Any dispute with respect to such adjustment shall be resolved by arbitration as
provided in the ARBITRATION Article.

TAXES

        The Ceding Company is solely liable for any Federal Excise Tax (FET)
applicable to this Treaty. Any FET to be paid shall be paid directly by the
Ceding Company to the taxing authorities and is in addition to the
Consideration. No deduction shall be made from the Funds Withheld Account.

SERVICE OF SUIT

        It is agreed that in the event of the failure of Reinsurers hereon to
pay any amount claimed to be due hereunder, Reinsurers hereon, at the request of
the Ceding Company will submit to the jurisdiction of a court of competent
jurisdiction within the United States. The foregoing shall not constitute a
waiver of the right of the Reinsurers to commence any suit in, or to remove,
remand or transfer any suit to any other court of competent jurisdiction in
accordance with the applicable statutes of the state or United States pertinent
thereto. It is further agreed that this Treaty shall be governed by the laws of
the State of New Jersey.

        It is further agreed that service of process in such suit may be made
upon Mendes and Mount, 750 Seventh Avenue, New York, New York 10019-6829, United
States of America and that in any suit instituted against any one of them upon
this Treaty, Reinsurers will abide by the final decision of such Court or any
Appellate Court in the event of an appeal.

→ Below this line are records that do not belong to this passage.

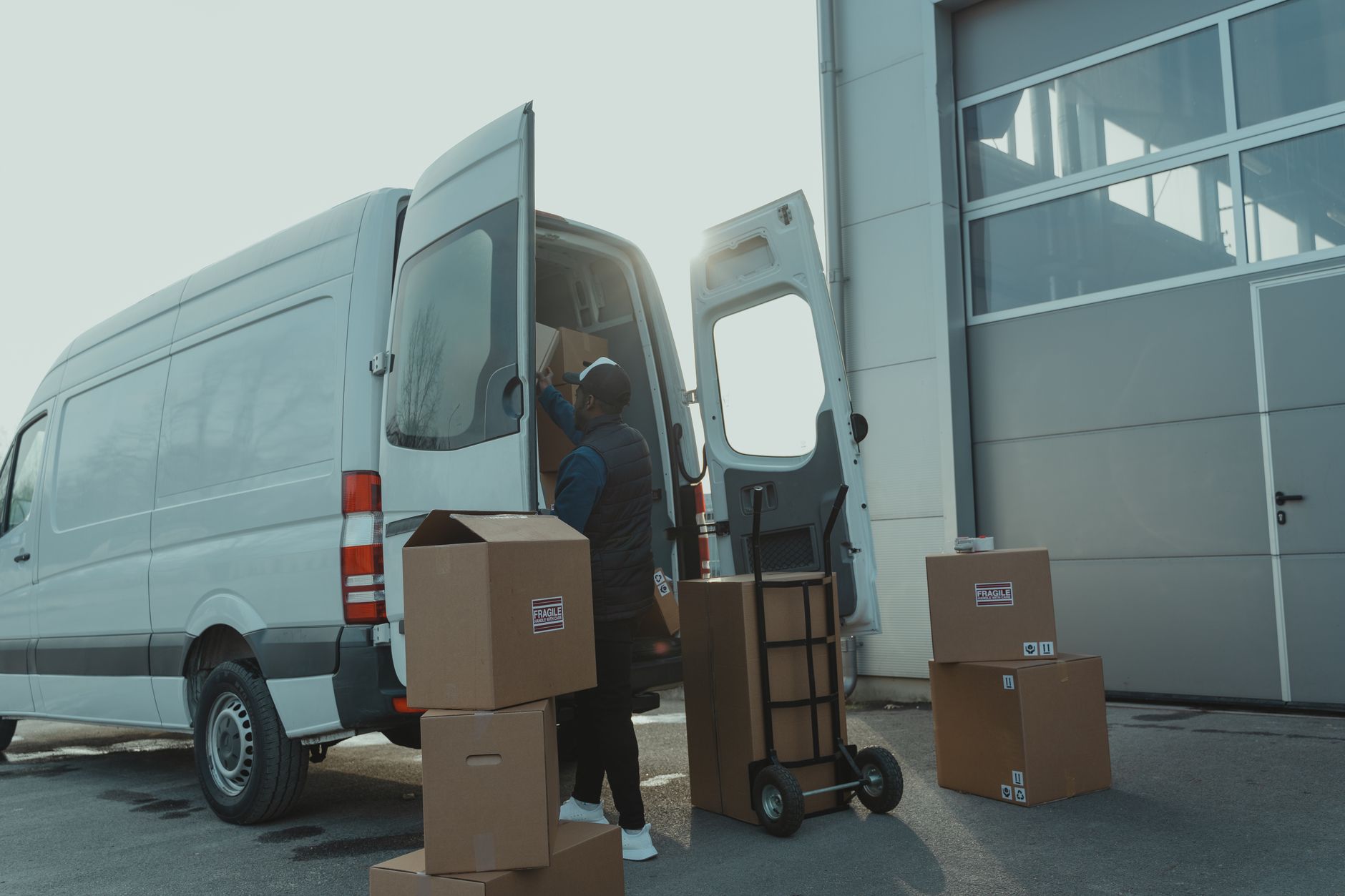 Moving boxes being loaded into a van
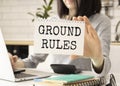 Business woman holding a card with text GROUND RULES, business concept image with soft focus background and vintage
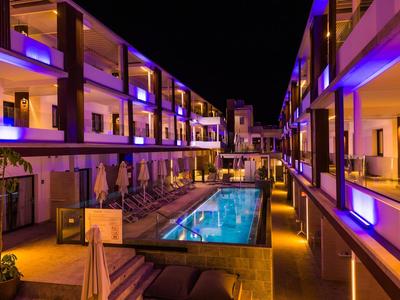 Hotel moderno con piscina illuminata e balconi di notte.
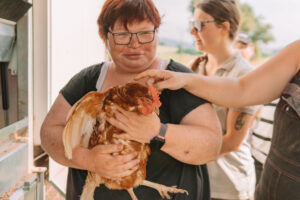 Eine Person hält liebevoll ein Huhn auf dem Hofgut Rocklinghausen.
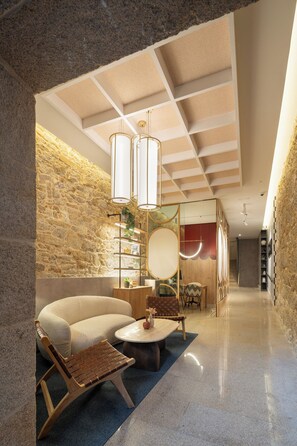A modern interior with a stone wall, a sofa, a coffee table, and a wooden chair. - Marina 30 (A Coruña)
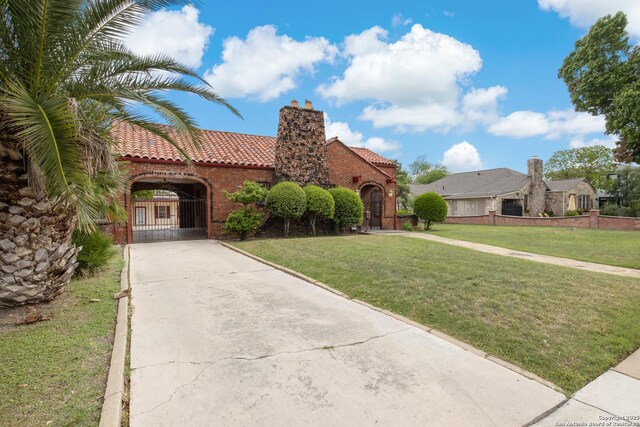 2150 W Summit Ave, San Antonio, TX 78201 - mediterranean / spanish-style house with a tile roof, a front lawn, driveway, a chimney, and brick siding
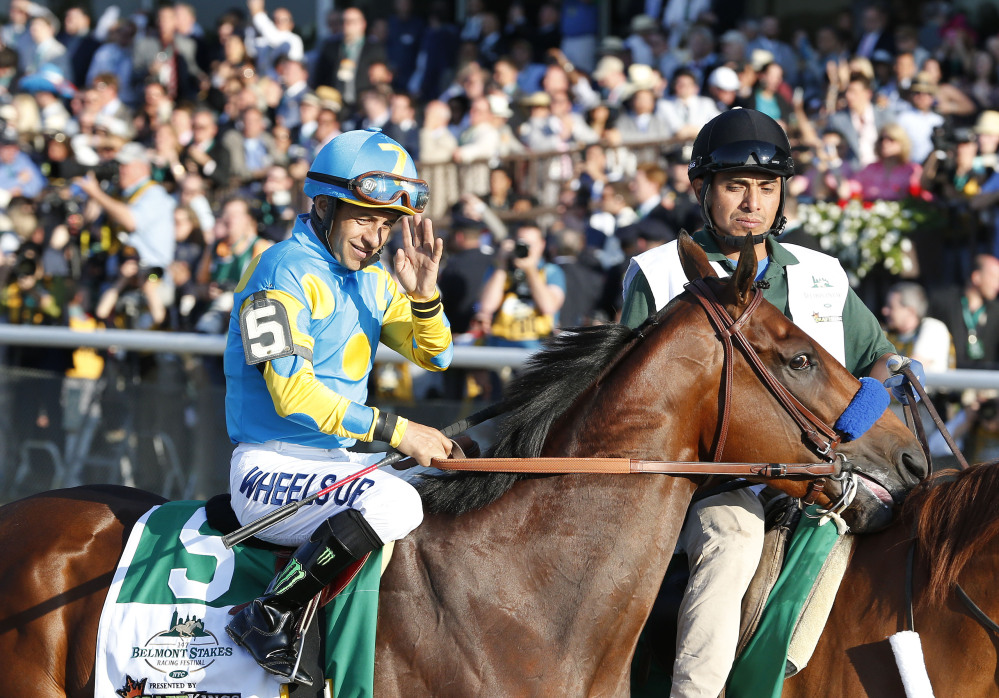 American Pharoah with Victor Espinoza up parades to the starting gate before the 147th running of the Belmont Stakes. The Associated Press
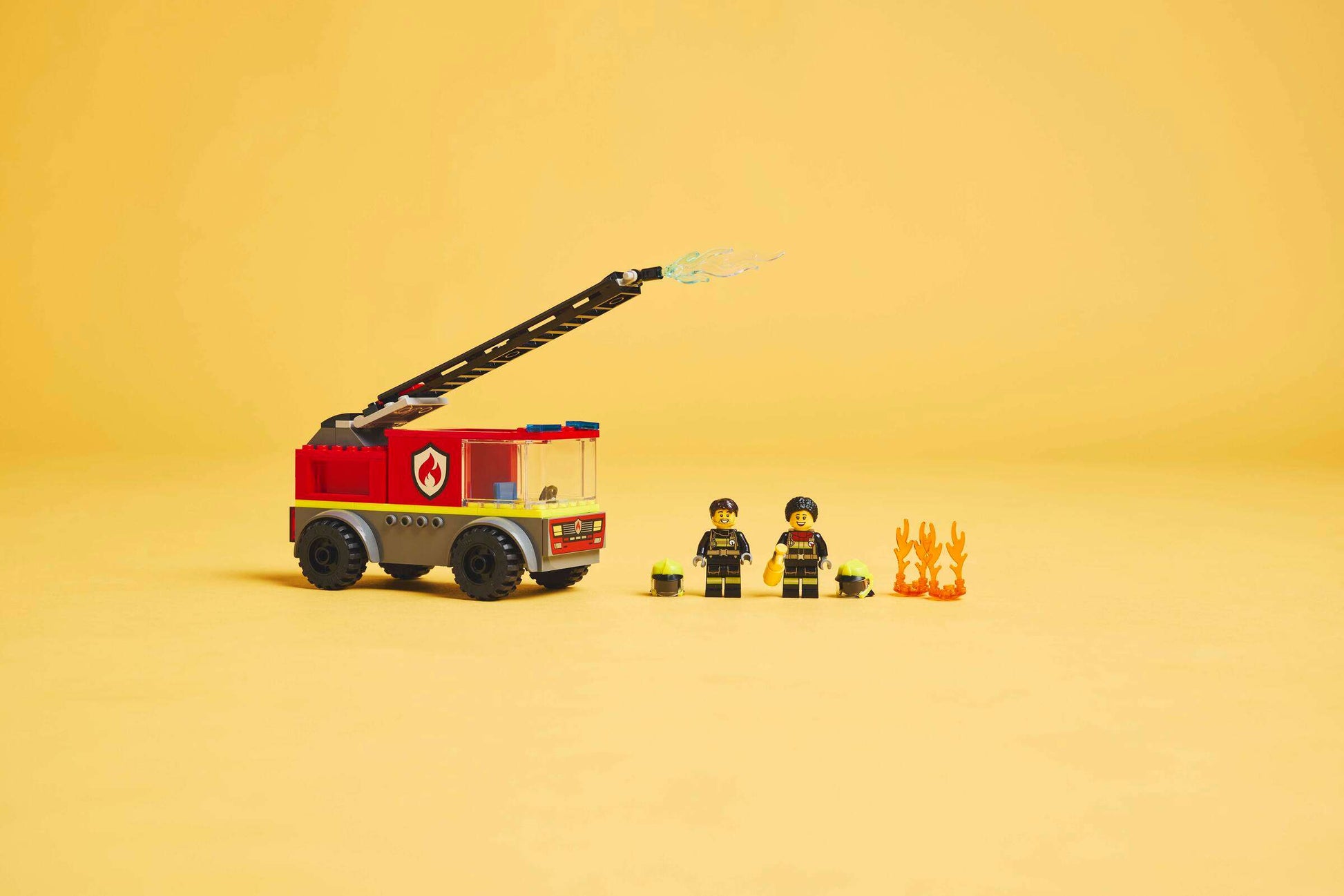 The LEGO® City Fire Ladder Truck by Legos - Toyhouse includes a fire truck with extendable hose, 2 firefighter minifigures, helmets, and LEGO flames, shown on a plain yellow background.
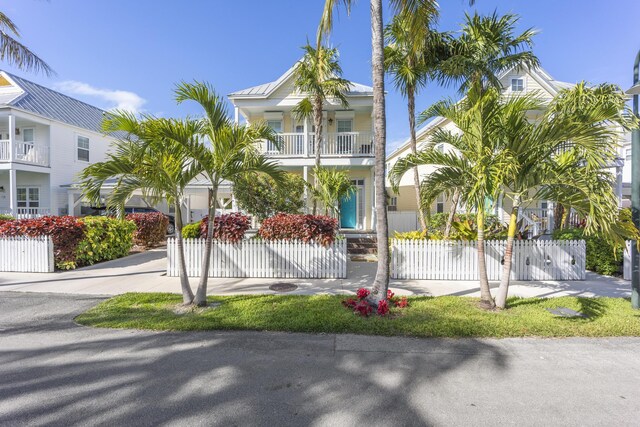 beach home featuring a balcony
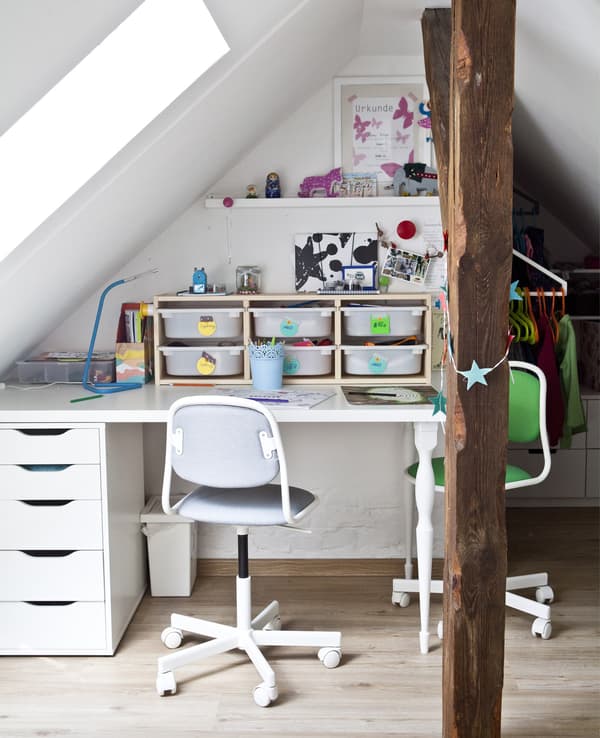 Un escritorio infantil con caixas de almacenaxe e dúas cadeiras de oficina nun dormitorio branco.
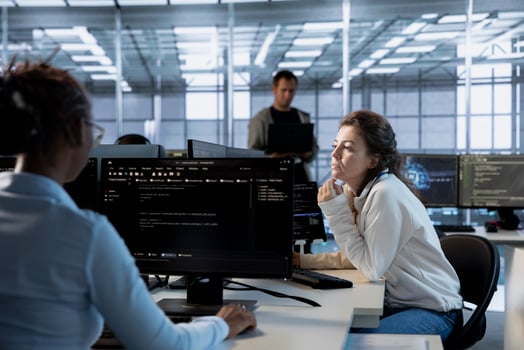 Data center computer scientist developing disaster recovery plans ensuring minimal downtime. Server room employee uses data analytics to monitor performance and predict future infrastructure needs photo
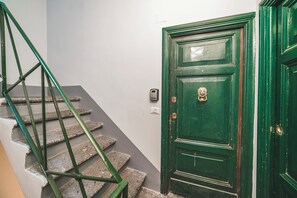 A staircase with green metal railings leading to a green door with a brass knocker. - The Yellow Nest Apartment in Trastevere (Roma)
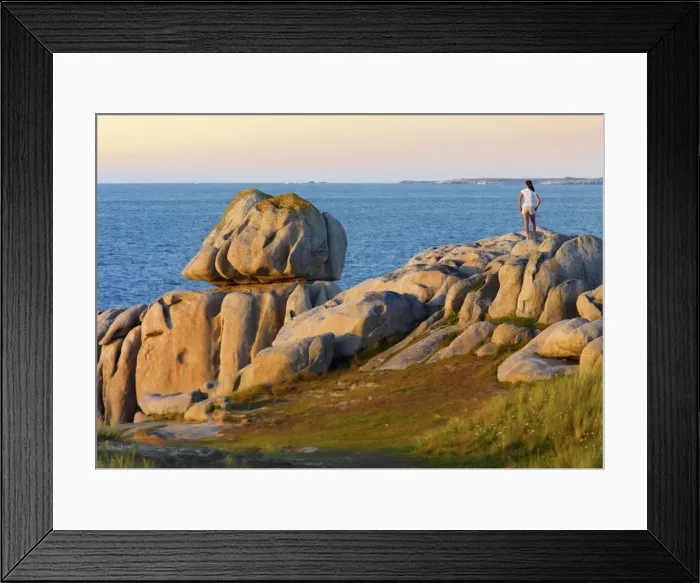 Framed Print : France, Brittany, Finistere, Cleder, woman standing on granite rocks (MR) Framed Print : France, Brittany, Finistere, Cleder, woman standing on granite rocks (MR)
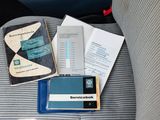 a cell phone sitting on top of a seat next to a book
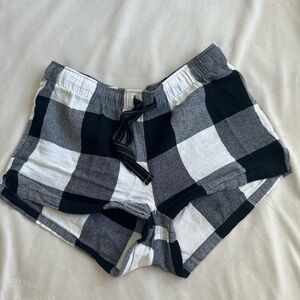 Black and white plaid pajama shorts.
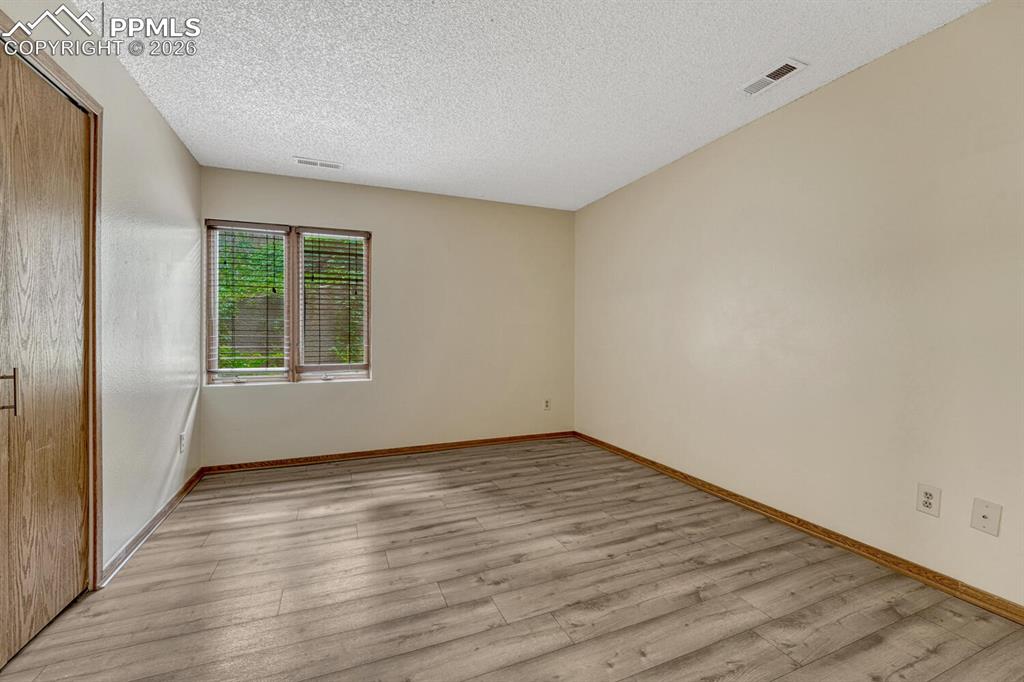 75 East Boulder Street Colorado Springs, CO 80903 - Photo 33 of 50 a view of an empty room with wooden floor and a window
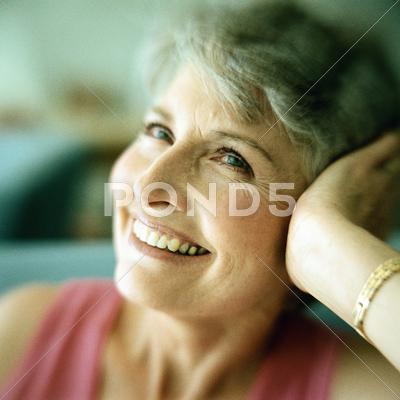 Portrait Of Mature Woman Smiling With Head Resting In Hand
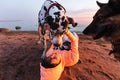 Thoughtful female owner with dog on coastline Royalty Free Stock Photo
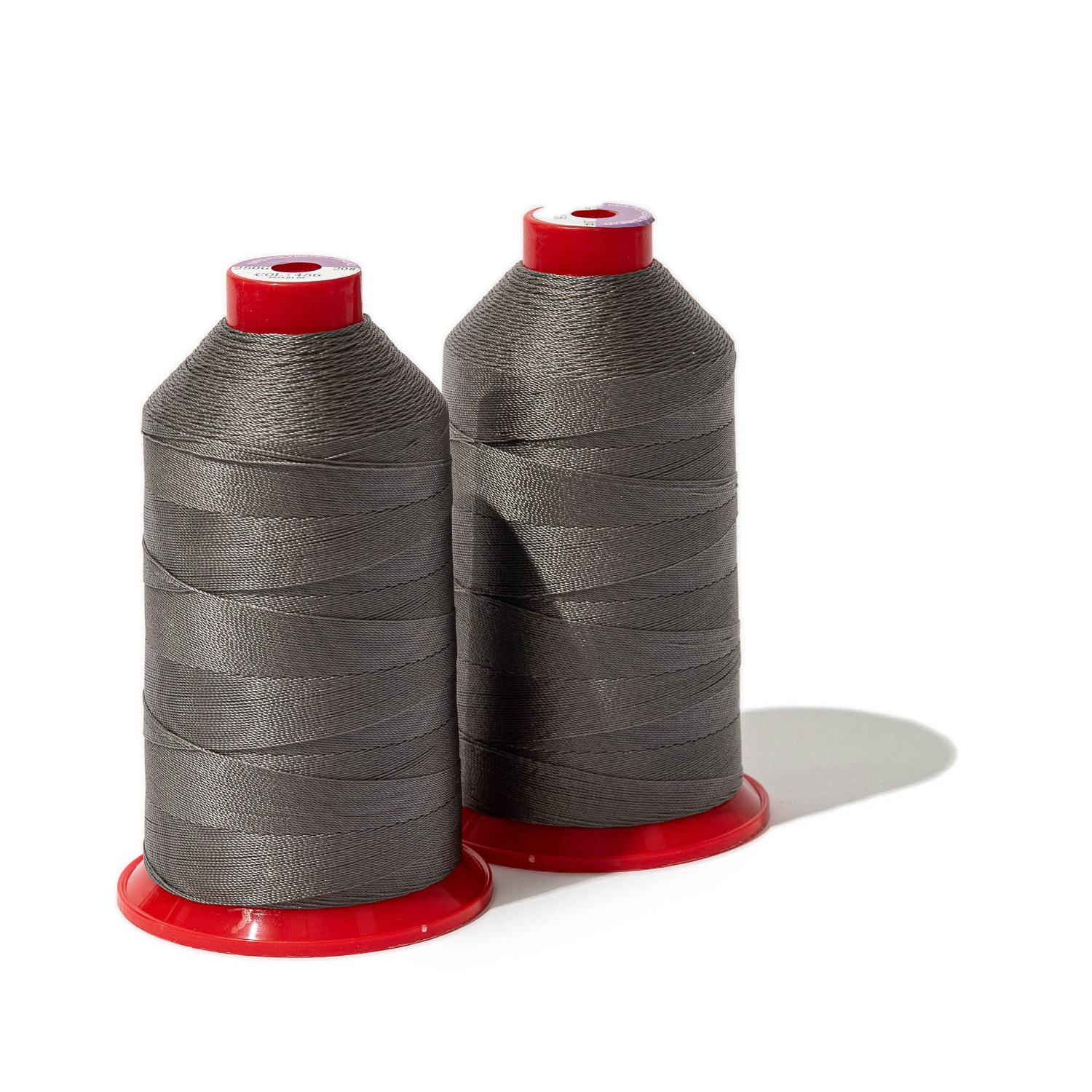 Две катушки тёмно-серых ниток на красных катушечницах на белом фоне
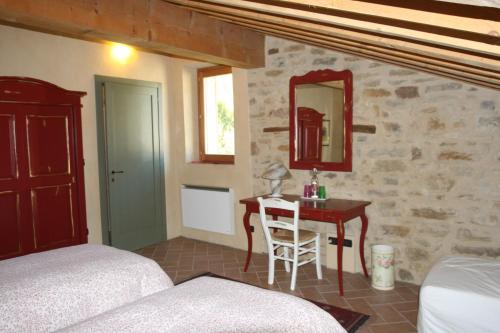 Posteľ alebo postele v izbe v ubytovaní SacreTerre B&B e Agriturismo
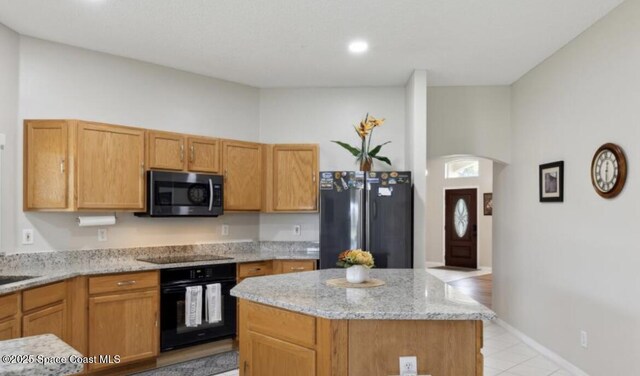 1932 Laramie Cir, Melbourne, FL 32940 - kitchen featuring black appliances, light stone countertops, a kitchen island, light tile patterned floors, and arched walkways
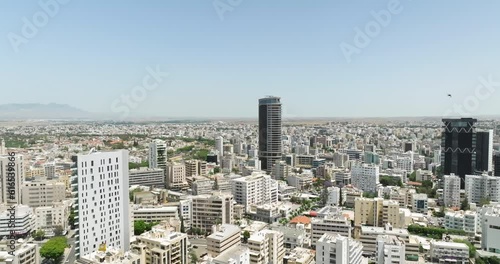 Aerial view of the cityscape of Nicosia, Cyprus. Skyscrapers in the downtown of the city drive traffic from cars. The life of a metropolis on an island. High quality 4k footage photo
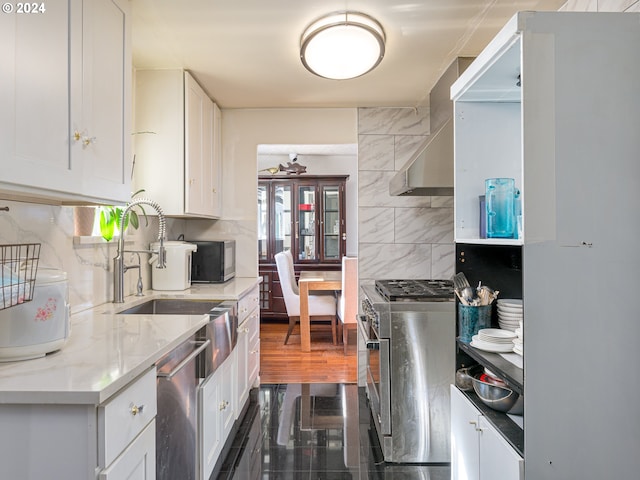 kitchen with white cabinets, light stone counters, stainless steel appliances, and tasteful backsplash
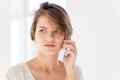 Worried disturbed young woman talking on mobile phone Royalty Free Stock Photo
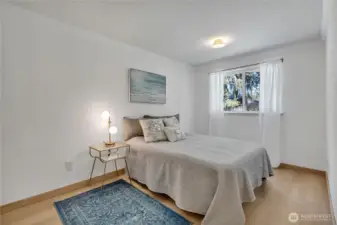 Larger bedroom at the rear of the home with custom interior wood door and glass doorknobs!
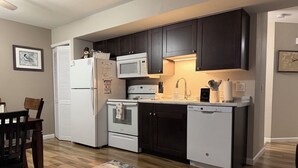 A kitchen with dark cabinets, a white refrigerator, a microwave, an oven, and a dishwasher.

        The above named are authorized and directed to accept service of process
on behalf of Reinsurers in any suit and/or upon the request of the Ceding
Company to give a written undertaking to the Ceding Company that they will enter
a general appearance upon Reinsurers' behalf in the event such a suit shall be
instituted.

        Further, pursuant to any statute of any state, territory or District of
the United States which makes provision therfor, Reinsurers hereon hereby
designate the

                                       20
<PAGE>   21

Superintendent, Commissioner or Director of Insurance or other officer specified
for that purpose in the statute, or his successor or successors in office, as
their true and lawful attorney upon whom may be served any lawful process in any
action, suit or proceeding instituted by or on behalf of the Ceding Company or
any beneficiary hereunder arising out of this Treaty, and hereby designate the
above named as the person to whom said officer is authorized to mail such
process or a true copy thereof.

NO ASSIGNMENT

        The Ceding Company and the Reinsurers hereon hereby agree that neither
party shall have the right to assign its respective interests and liabilities,
including the Funds Withheld Account, under this Treaty.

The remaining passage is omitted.